Linus rubbishes parallel computing

torvaldsThe creator of Linux, Linus Torvalds has discretely muttered that he does not think that the world of parallel computing is much chop.

In his typically understated way, he hinted that parallelism was “snake oil” and that a huge body of ideas related to that flavour of computing was “garbage”,

“The whole “let’s parallelise” thing is a huge waste of everybody’s time. There is this huge body of “knowledge” that parallel is somehow more efficient, and that whole huge body is pure and utter garbage. Big caches are efficient. Parallel stupid small cores without caches are horrible unless you have a very specific load that is hugely regular,” Torvalds said.

He said that people want mobility, so “the crazies talking about scaling to hundreds of cores are just that – crazy. Why give them an ounce of credibility?”

Torvalds said that the only place where parallelism matters is in graphics or on the server side, where we already largely have it. Pushing it anywhere else is just pointless.

“End users are fine with roughly on the order of four cores, and you can’t fit any more anyway without using too much energy to be practical in that space. And nobody sane would make the cores smaller and weaker in order to fit more of them – the only reason to make them smaller and weaker is because you want to go even further down in power use, so you’d still not have lots of those weak cores,” Torvalds said.

Just in case you missed his subtle point he added: “Give it up. The whole “parallel computing is the future” is a bunch of crock.”

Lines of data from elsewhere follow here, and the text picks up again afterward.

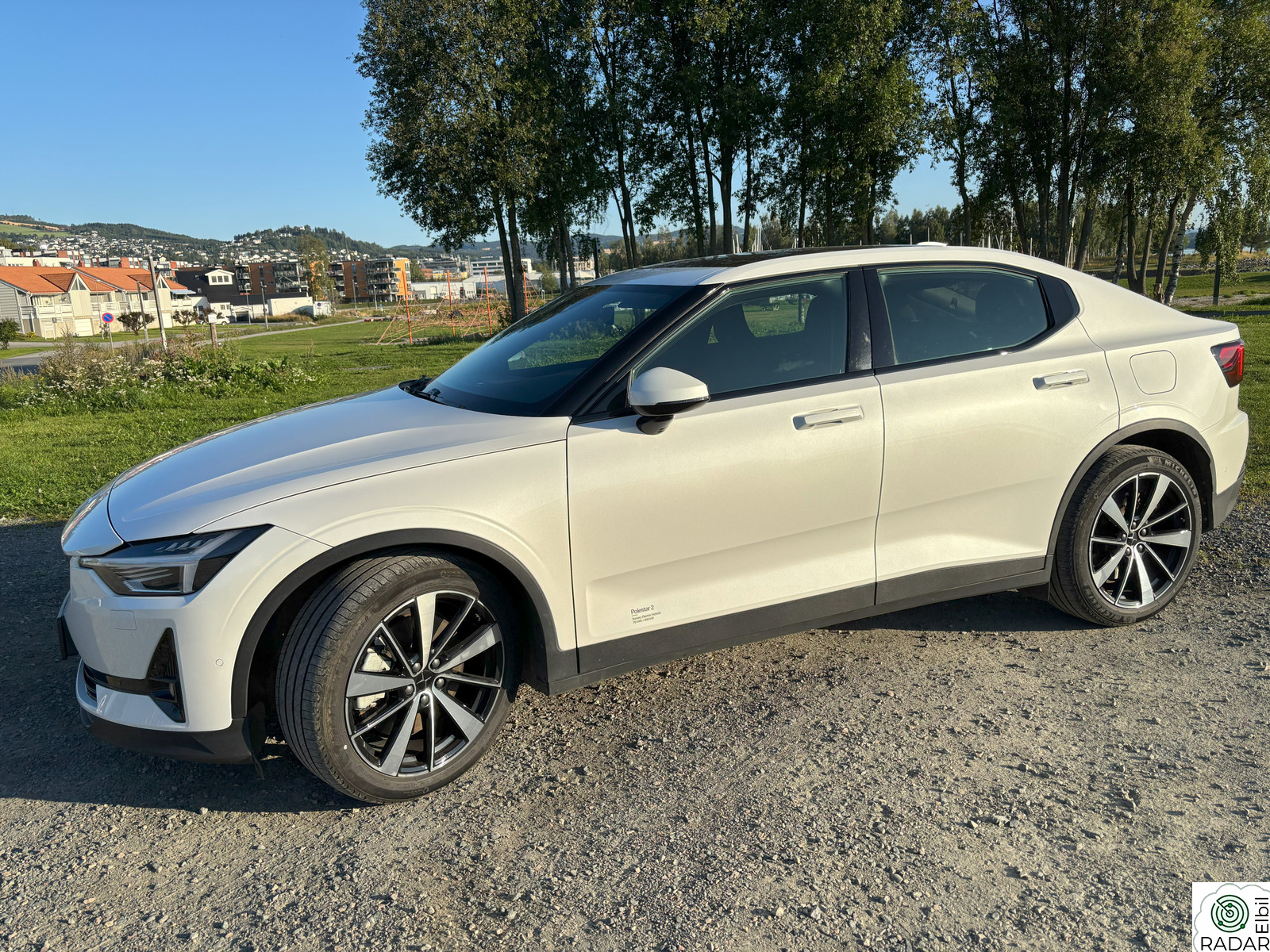 POLESTAR 2 Long Range Dual Motor/Pilot/Plus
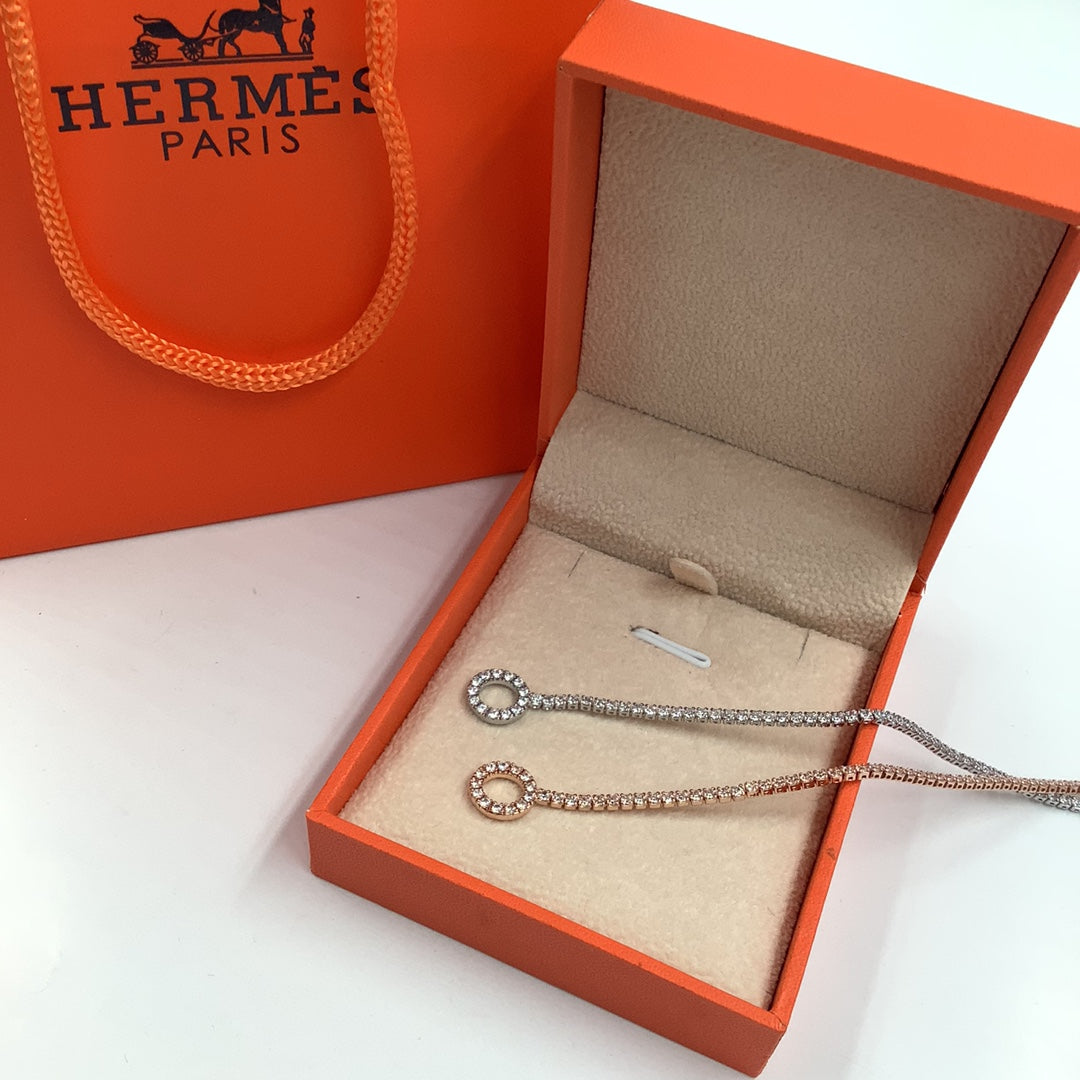 14H392K  Popular Bracelets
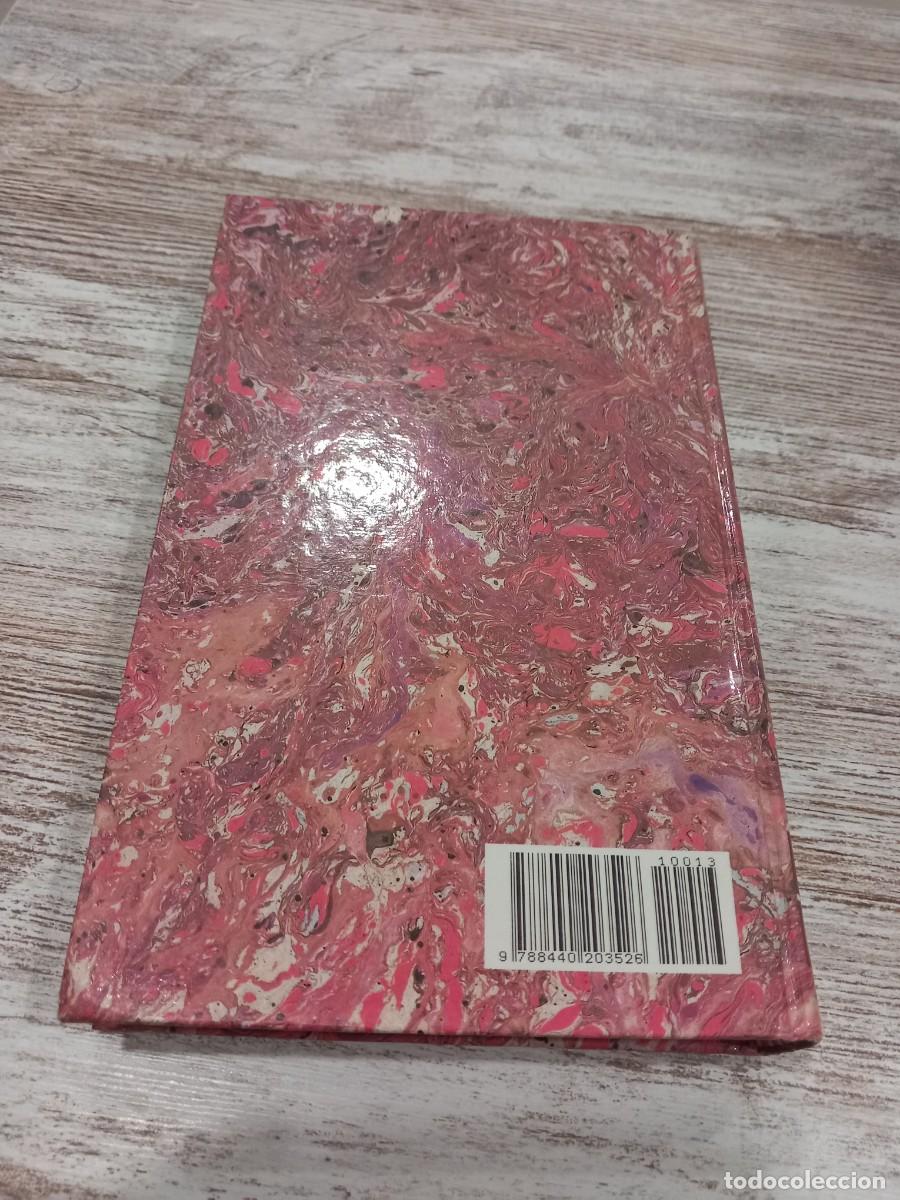 Libros de segunda mano: Las olas | Virginia Woolf | 1988 | Libro - Foto 2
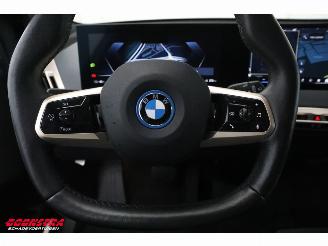 BMW iX xDrive40 77 kWh Pano LED ACC H/K Memory 360° AHK picture 22
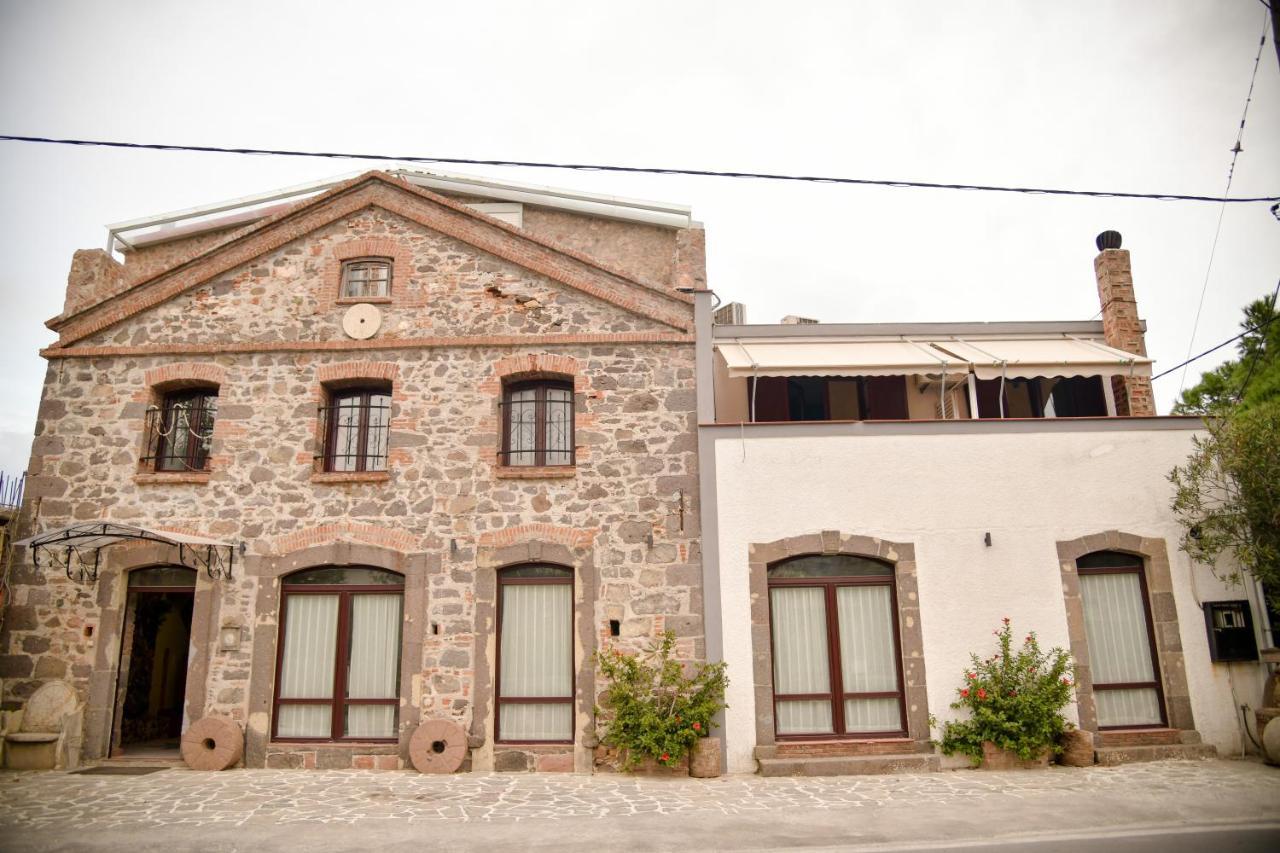 Blue Star 2 Hotel Pyrgi Thermis Exterior foto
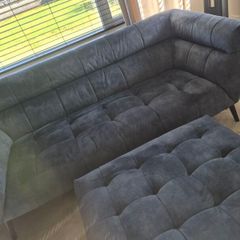 Indy sofa bought in harvey norman
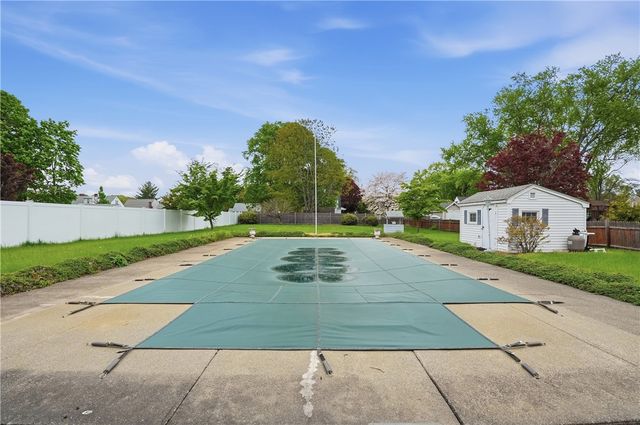 13 Peach Orchard Drive, East Providence, RI 02915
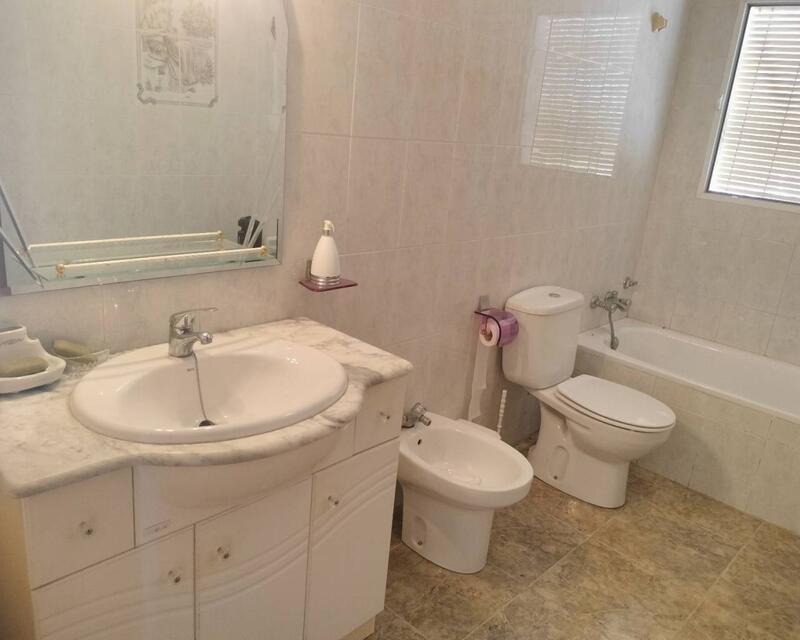 3 Schlafzimmer Appartement zu verkaufen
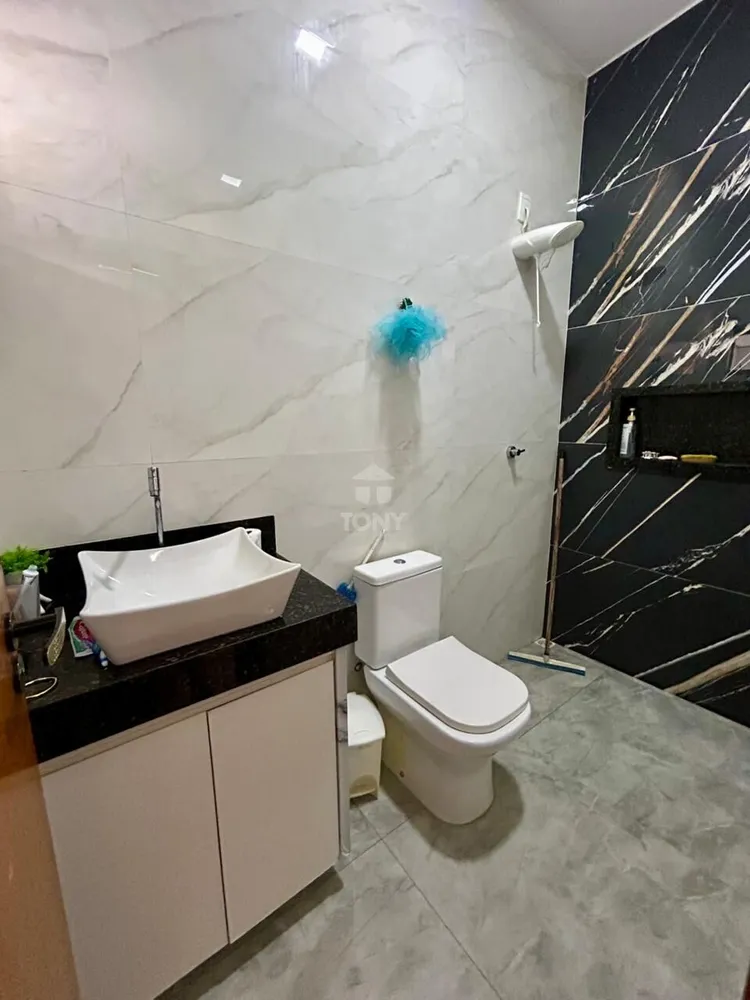 Casa, 3 quartos, 120 m² - Foto 6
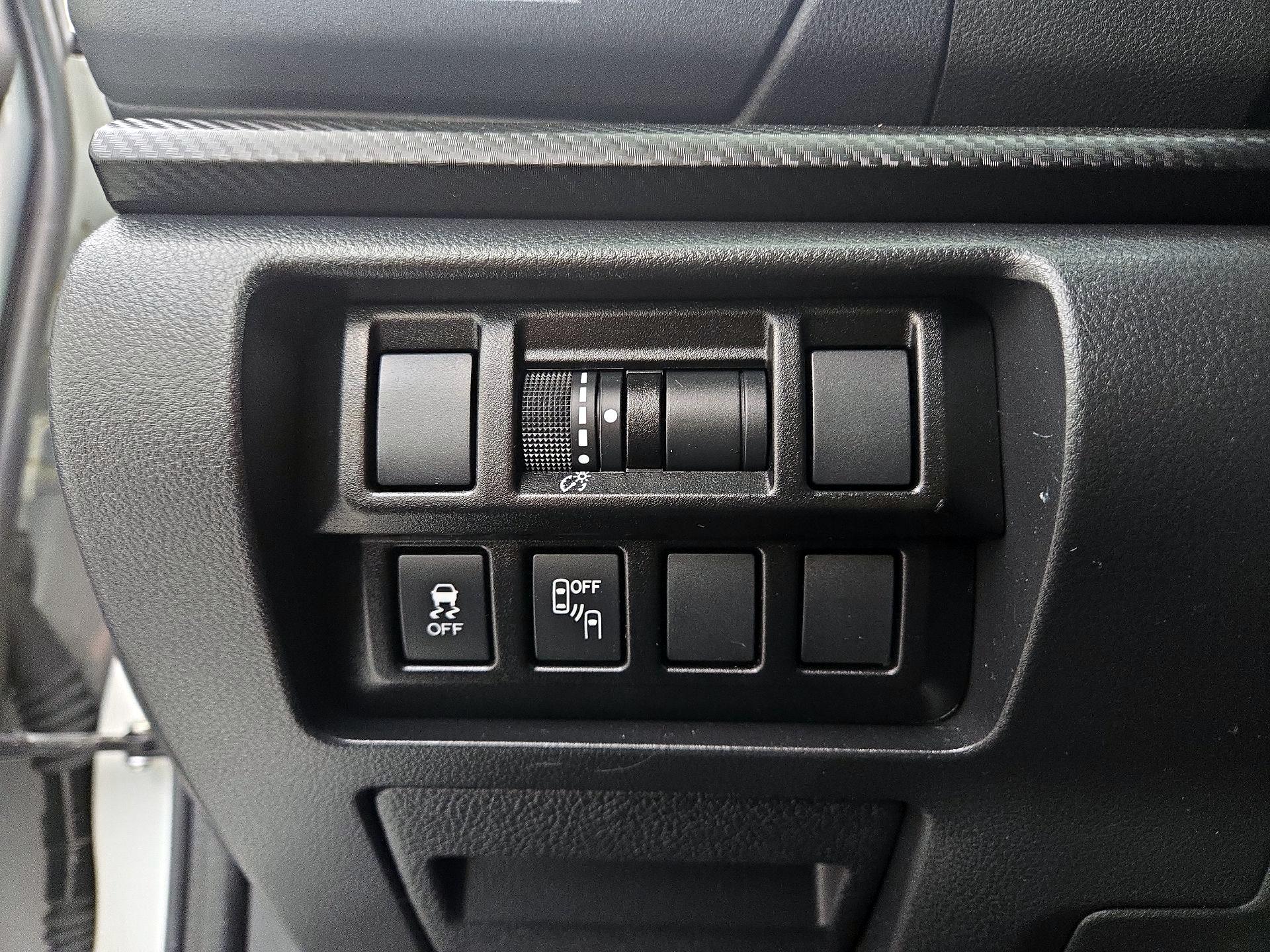 Thumbnail: 2023 Subaru Impreza - 13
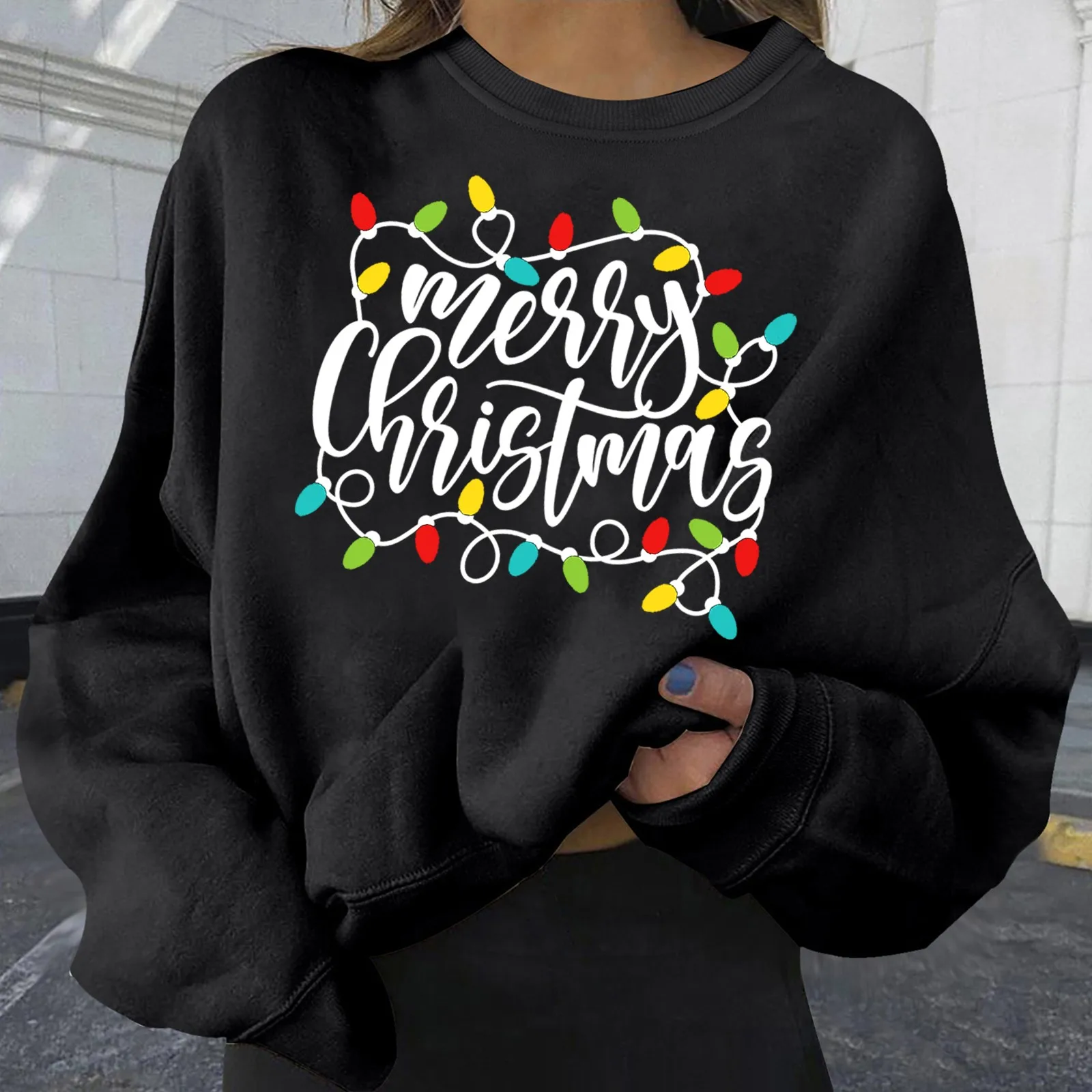 

Women's Zip up Sweatshirt Ladies Sweatshirt Printing Long SleeveClubbing Casual Pullover Tops Musically Sweatshirt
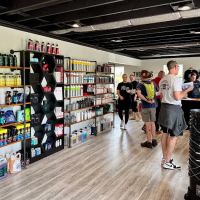 The Bays at Car Supplies Warehouse O'fallon ico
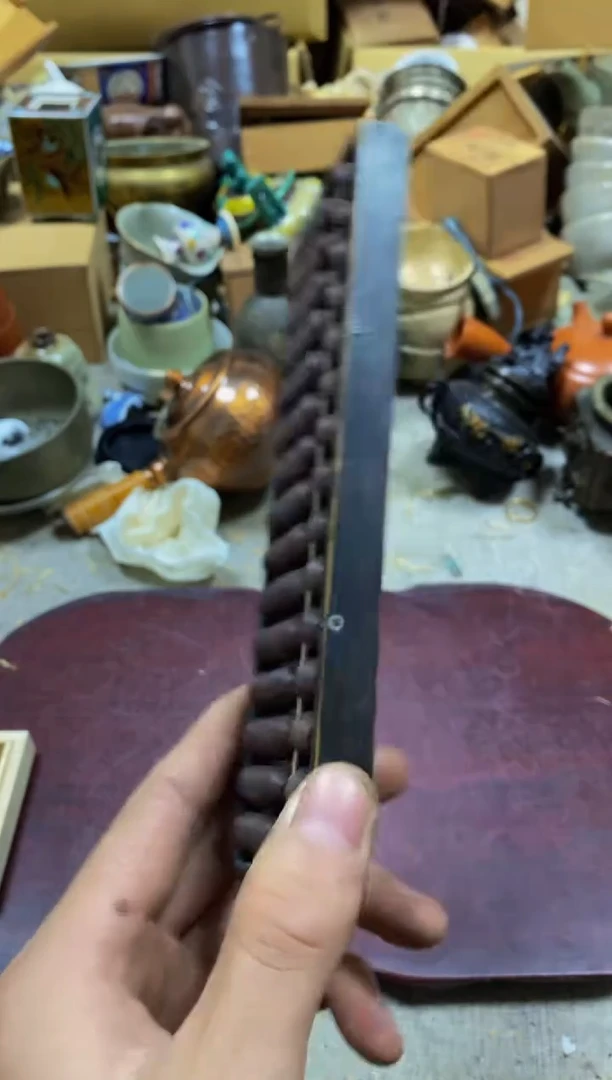 瓷片云*看好在拍不退不换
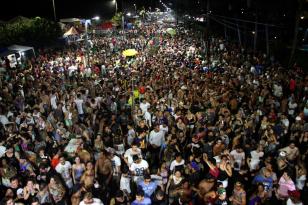 Matinhos e Pontal do Paraná cancelam carnaval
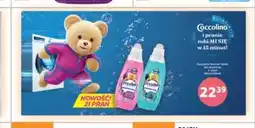 Drogerie Laboo Żel do prania Coccolino Care oferta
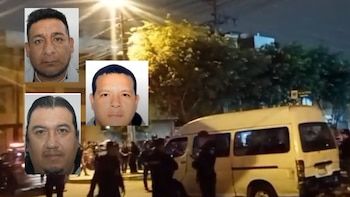 Sicarios asesinan a tres transportistas en menos de 24 horas: Bandas criminales vuelven con ataques y amenazan con más atentados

Needless to say there was a controlled and not-at-all-holiday-tipple-fuelled debate about this statement on various news groups. Most of it was about the language Torvalds used – and not just the swear words. The wonderful world of parallelisation is so complex that there are many words to describe different aspects about what it actually means and if you use the wrong ones then the grammar pedants will tear you to bits.

Generally though the feeling about Torvalds’s comments was that the it was not that parallelism which was to blame.  In theory it should all be wonderful.  But the software running it is still not up to snuff.